→ **EXERCISE DATA**:
***
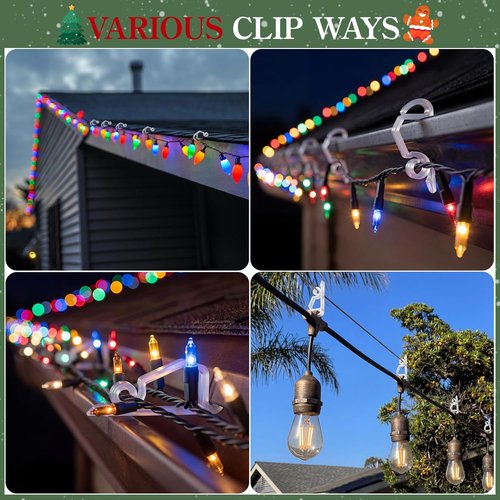 MEILIDY Christmas Light Clips - Weatherproof Plastic Gutter Clips for Outdoor Holiday Lights | 100 Pcs Clear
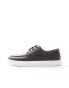 Фото #4 товара ASOS DESIGN boat shoes in brown faux leather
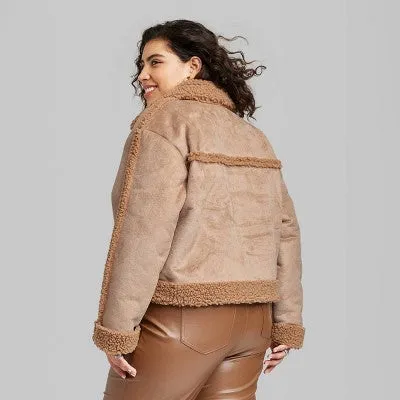 New - Wild Fable Women's Button Up Winter Faux Shearling Jacket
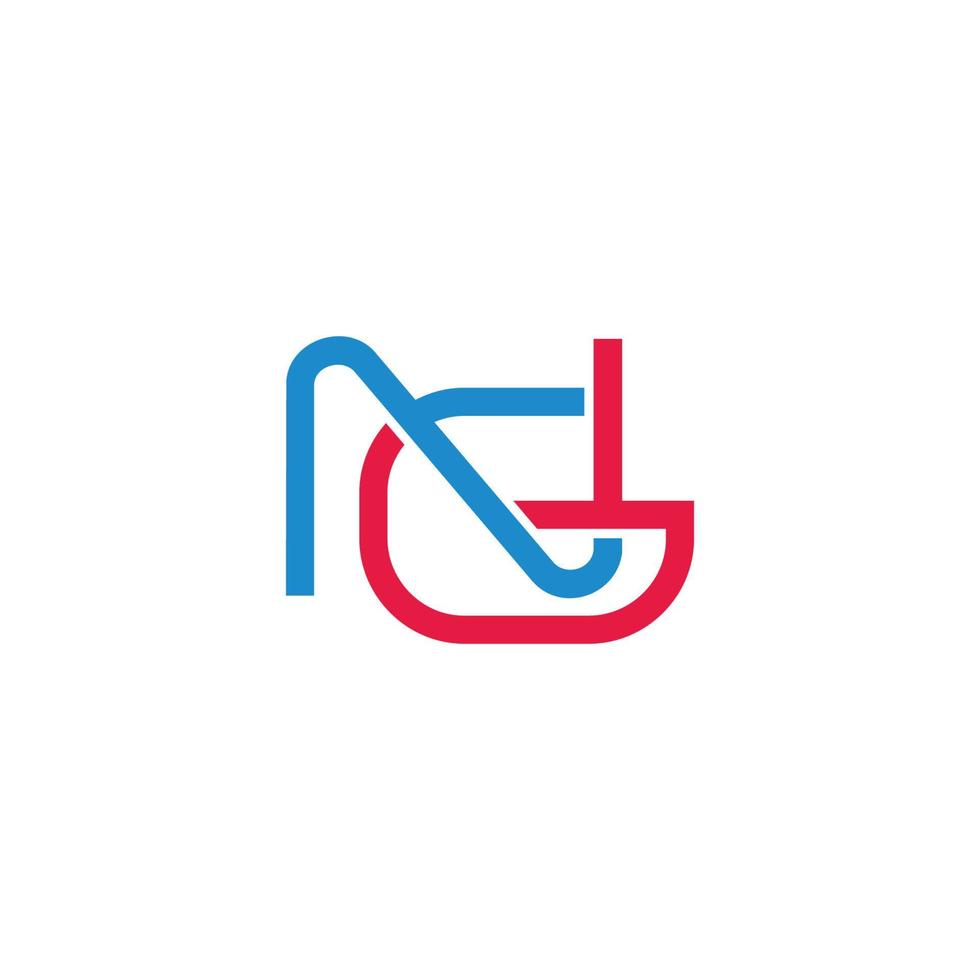 letter ng simple geometric colorful line logo vector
***
→ **ACTION ITEM**: In your copy of the material, every word must match and no image should appear.

→ **RESULT OF THE TASK**:
 MEILIDY Christmas Light Clips - Weatherproof Plastic Gutter Clips for Outdoor Holiday Lights | 100 Pcs Clear
 Фото #4 товара ASOS DESIGN boat shoes in brown faux leather
 New - Wild Fable Women's Button Up Winter Faux Shearling Jacket
 letter ng simple geometric colorful line logo vector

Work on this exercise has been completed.